Спешу ответить на вопросы, которые вы мне ставите в вашем письме от 19 июня.
1. Интернациональный Секретариат ответил вам, что он не знает причин, по которым т. Росмер прекратил свое участие в революционном движении. Вы считаете это невероятным. Я вполне понимаю ваше недоумение. Тем не менее мне самому были все время неясны причины ухода т. Росмера из Лиги. Последнее письмо его к нам также дает мало материала для каких-либо политических выводов.
2. Должен с сожалением отметить, что та часть письма т. Росмера, которая излагает мое отношение ко внутренним конфликтам в Лиге, дает неправильное представление о том, что было.
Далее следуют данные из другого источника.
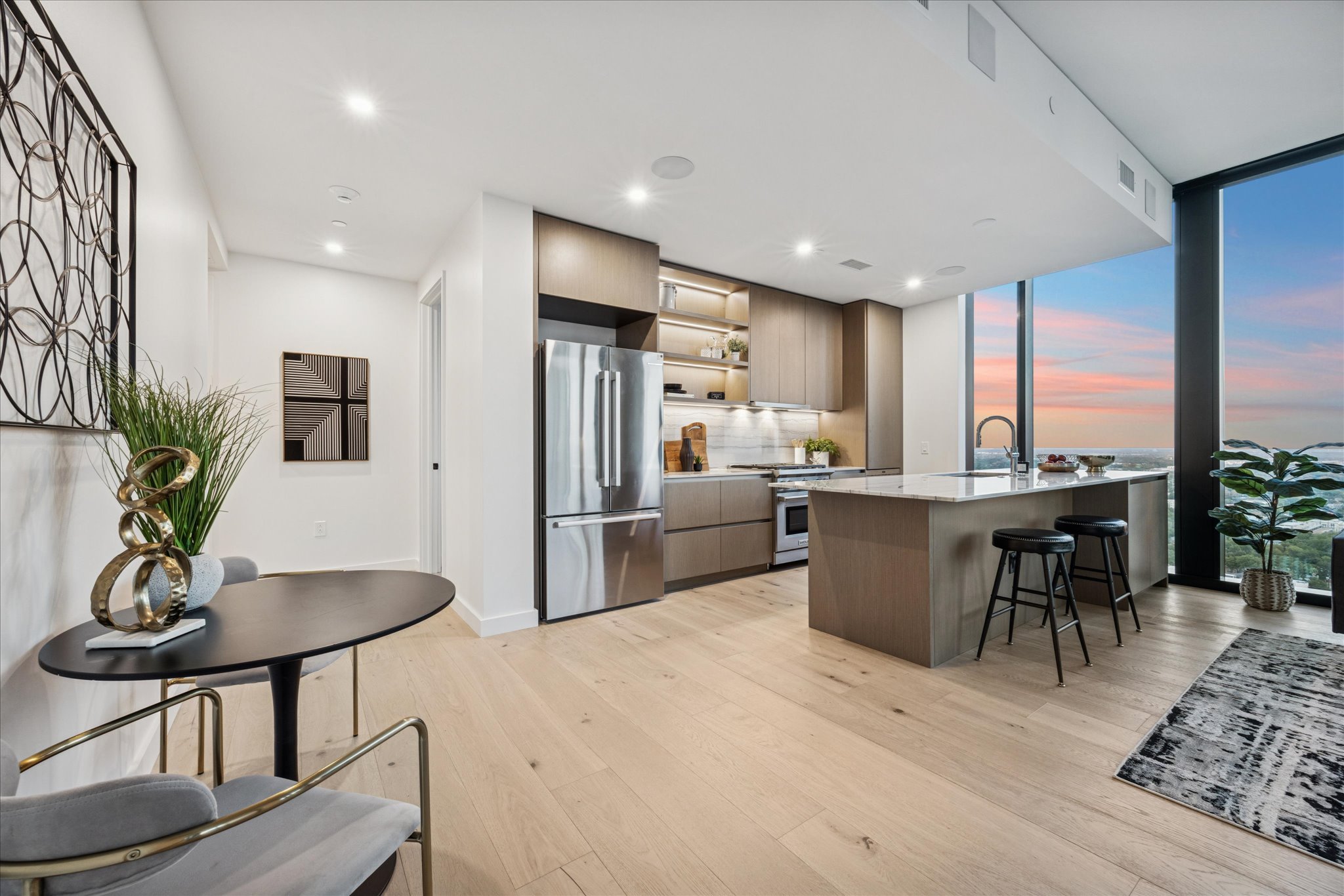 610 Davis Street, Unit 3102 Austin, TX 78701 - Photo 7 of 40 a kitchen with stainless steel appliances kitchen island granite countertop a dining table chairs refrigerator and sink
По изображению т. Росмера выходит так, будто мое вмешательство помешало т. Росмеру устранить из Лиги или нейтрализовать внутри Лиги ее отрицательные элементы во главе с т. Р. Молинье. Так как никаких политических разногласий, по словам т. Росмера, не было, то остается совершенно непонятным, почему я вмешался и почему я поддержал т. Молинье против т. Росмера. Все это абсолютно неверно с начала до конца.
Т[оварищ] Росмер забыл вам сообщить, что он жил у меня известное время одновременно с Молинье. На нас обоих, как и на т. Маргариту Росмер, т. Молинье произвел прекрасное впечатление своей преданностью делу, энергией, предприимчивостью, самоотверженностью. Уже в это время мы знали, что по поводу т. Молинье распространяются всякого рода сплетни, одной из причин которых является порывистый характер т. Молинье и его способность нарушать филистерские правила и предрассудки. Вместе с т. Росмером и Маргаритой Росмер мы решили дать категорический отпор этим сплетням и инсинуациям. В этом смысле я написал письмо парижским товарищам по инициативе т. Гурже, который всегда аттестовал Молинье с самой лучшей стороны, как настоящего революционера и прекрасного товарища.
После отъезда т. Росмера в Париж он не раз писал мне не только с похвалой, но с восторгом о работе Молинье. В его письмах, как и в письмах Маргариты Росмер, встречались такие фразы: «Если бы у нас было два таких Раймона, мы далеко ушли бы вперед…»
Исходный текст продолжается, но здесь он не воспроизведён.